Regarding the decision engine in your SFU, typically quality/layer selection can be based on the network conditions for every receiver (communicated to the SFU by means of RR and REMB RTCP packets). However, any other service/application specific logic can be added too, like for example to send a higher video quality for the active speaker in a conference.
In our implementation the goal was to use simulcast to enable servers to maximize quality for every participant. We wanted to avoid the bitrate of the latter being dragged down due to other participants within the same session with less bandwidth available. Our expectations were that the improvements should be more clear the more receivers you have per sender.
Simulcast Performance
The improvement you get with simulcast depends a lot on the specific use case (type of devices, networks, resolutions, and number of receivers). The graph below depicts some bitrate data gathered from one of our public demo applications for the last months. As you can see, the benefit of simulcast is higher the more people you have receiving the video streamed by a sender. This is because in SFU-based video distribution without simulcast, one ends up sending the video stream encoded for the bandwidth of the receiver with the least bandwidth, and the more participants you have the more likely it is to have one under bad network conditions.
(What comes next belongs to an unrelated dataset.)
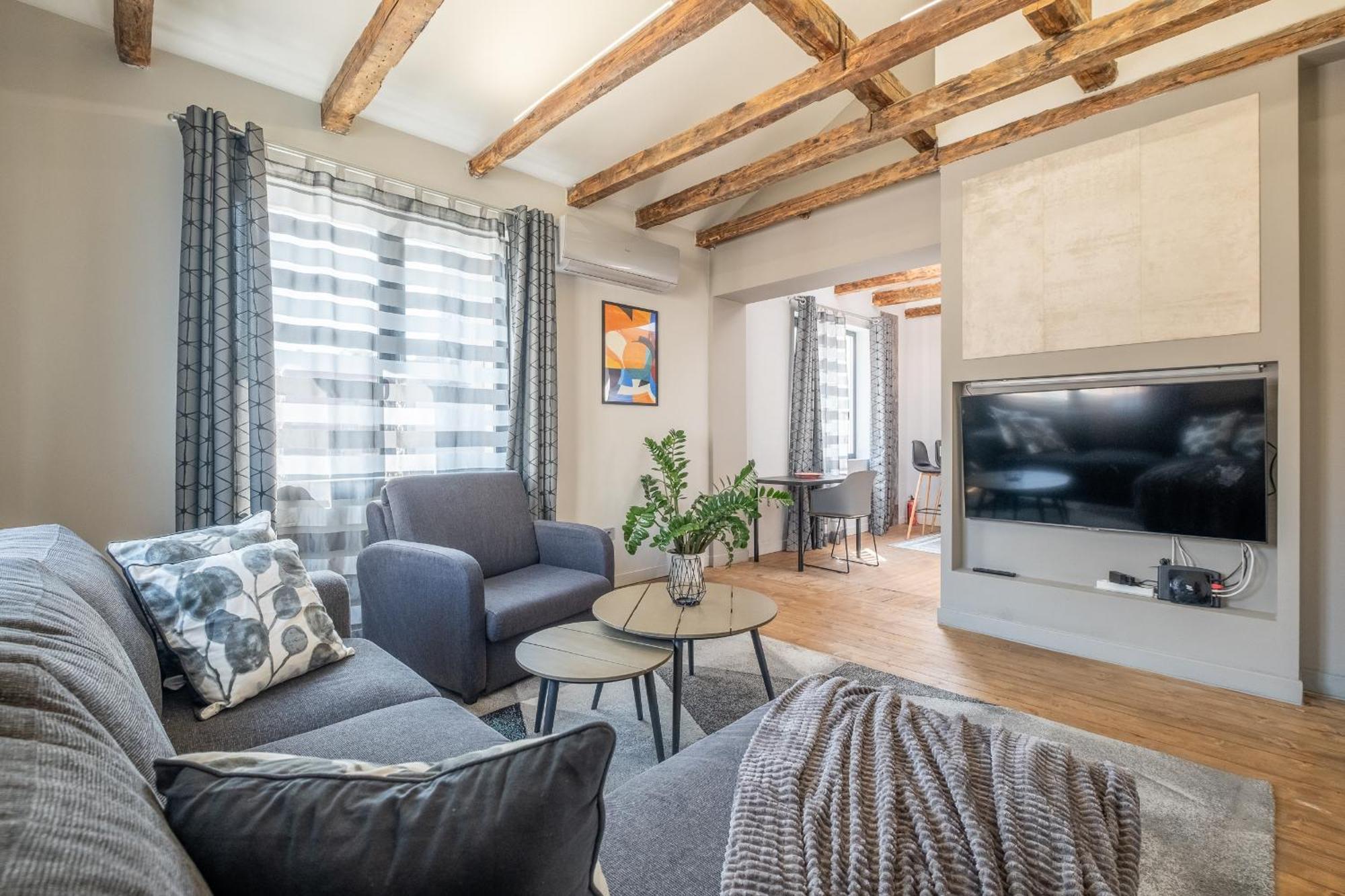 Apartment New Le Coin Bleu - Center Sofia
On the other side, when using simulcast, the average bitrate received by endpoints is independent of the number of receivers. They can receive different qualities better adapted to each one’s network or HW capacity conditions without affecting each other. A general result is an overall higher average bitrate across the platform streams for multi-party. On the other hand, the overhead of simulcast makes it suboptimal for 1:1 calls and, depending on the use case, may statistically still not stand-out compared to regular single stream for very small parties like 3 participants for instance (although it will still have a positive effect on those specific sessions where there is a participant with low resources). In any of the cases, it is a key requirement for simulcast/scalability to have enough available upload bandwidth on senders to properly operate and provide improvements.
SFU’s are the future
It is clear that classic alternatives such as MCUs may have been more popular, and may be better known as a solution to adapt quality for each receiver. However, unless you have a service and business model where it makes sense to pay for the transcoding cost, and you are willing to accept some degradation in quality and delay, probably one of the best options you have to provide a good quality of experience to your users in multiparty sessions is with something similar to what is described in this post.
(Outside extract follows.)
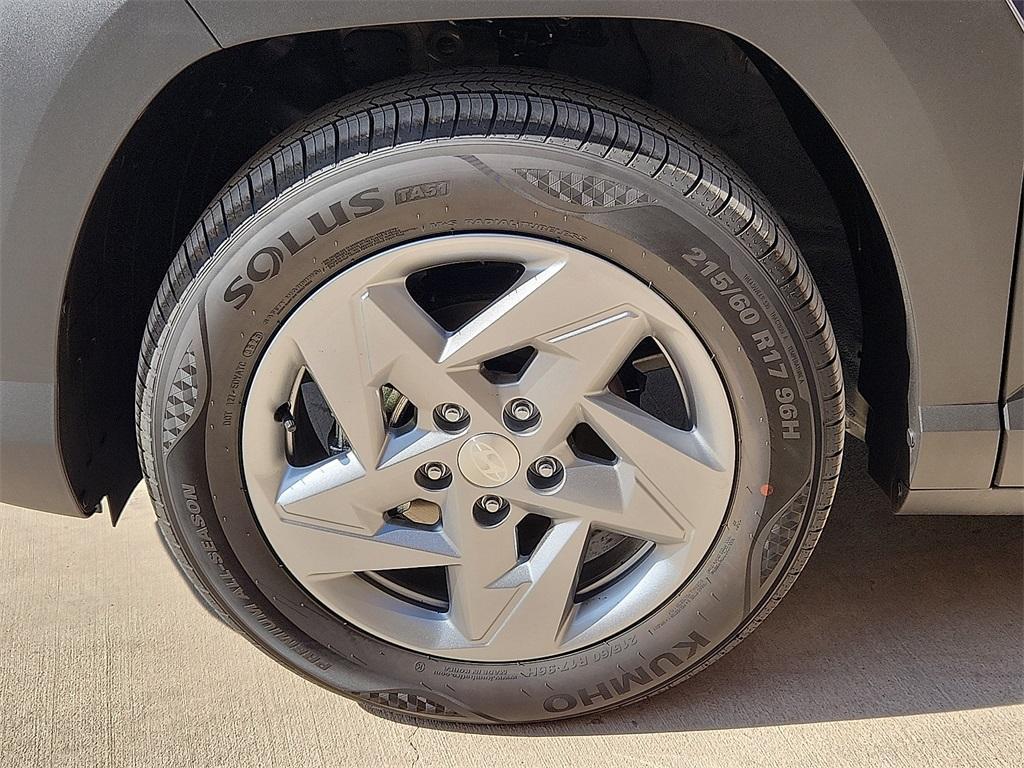 new 2026 Hyundai Kona car, priced at $26,505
The authors would like to thank Philipp Hancke, Jose Carlos Pujol and Gustavo García for their comments and contributions.
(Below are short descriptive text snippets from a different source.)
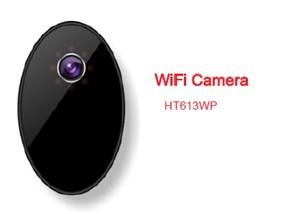 Wireless Ip Camera Ht613wp Hitvision Technology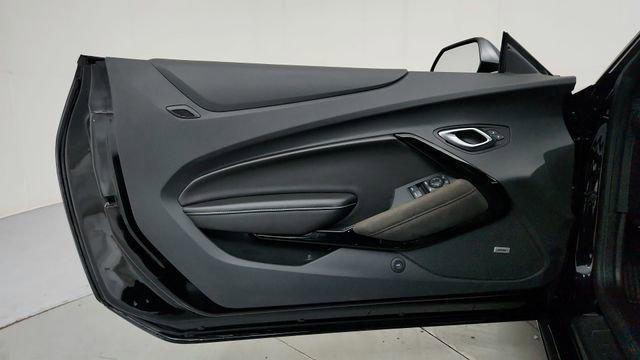 used 2024 Chevrolet Camaro car, priced at $53,995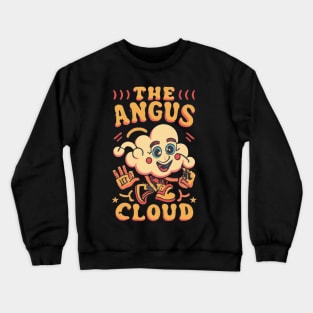 Angus Cloud Signature Collection Crewneck Sweatshirt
{“author”, “Oscar Divorra”}
guna says
Any sample code is there for sfu
Chad Hart says
There are a few open source projects with SFU capabilities – search for the following on Github:
-Jitsi video bridge
-Janus
-Voluntas
JIANPING JIANG says
Thanks for your great post! I wonder if I enable the simulcast, Is the VP8 encoding is also SVC?
Gustavo Garcia says
If you enable simulcast with VP8 you get automatically temporal scalability (that is one of the two popular types of scalability). But probably people won’t call it SVC, for that you need to use VP9, read latest post about VP9 SVC in webrtchacks.
William Thivierge says
Would you care to mention some of theses modern SFU and perhaps an example of it being used somewhere ?
Thanks you,
Gustavo Garcia says
Chad mentioned some opensource SFUs supporting simulcast in one of the comments. For the commercial ones you can check OpenTok platform for example.
gman sharma says
very helpful. Thank You.